GastroPanel test is based on Stomach physiology
  The marker profile of the GastroPanel test is designed to measure the normal physiology of the stomach and its disturbances, which may be structural or functional. Since the structure and function of the gastric mucosa are closely interlinked, the GastroPanel test is an accurate indicator of both, which makes it a unique diagnostic test[8,9]. In addition to indicating whether the complaint is of functional or structural nature, GastroPanel is capable of localizing the origin of the malfunction, i.e., whether in the antrum or in corpus[20-22,28].

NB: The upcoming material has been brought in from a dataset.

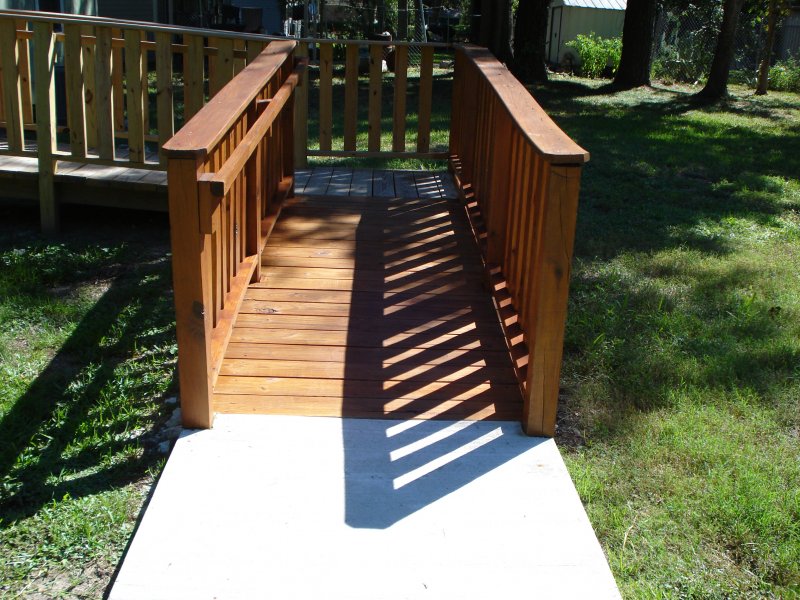 A residential Wheelchair Ramp made out of stained wood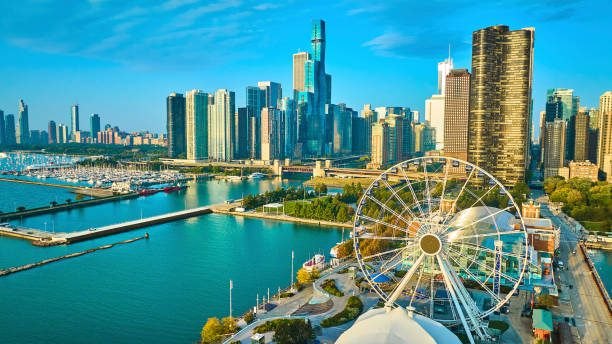 Navy Pier, its Ferris wheel and the Chicago skyline from above on a sunny day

  When the mucosa of the gastric corpus undergoes atrophy, glands and their functional cells start reducing in number and eventually disappear completely (severe atrophy). At the same time, the output of hydrochloric acid (HCl from the parietal cells) and the pepsinogens (PG-I and PG-II from the chief cells) is reduced, an acid-free stomach as the end result. The severity of atrophy correlates closely with the HCl output and with the decreased serum levels of PG-I and PG-II[8,9,14,16,28]. As the gastric antrum undergoes atrophy, the G-cells producing G-17 will disappear. This results in a low fasting level of G-17 in the blood that is not responding to protein stimulation[8,9,14,16,17]. Through the negative feedback, the G-17 level is low also in patients with increased gastric acid output. On the other hand, when antral G-cells are not affected by AGA, G-17 level is upregulated when the acid output is low or absent, either due to AGC or long-term use of PPI-medication[9,17,28]. The discussion of the several important clinical sequels of AGC falls outside the scope of this communication[17,28].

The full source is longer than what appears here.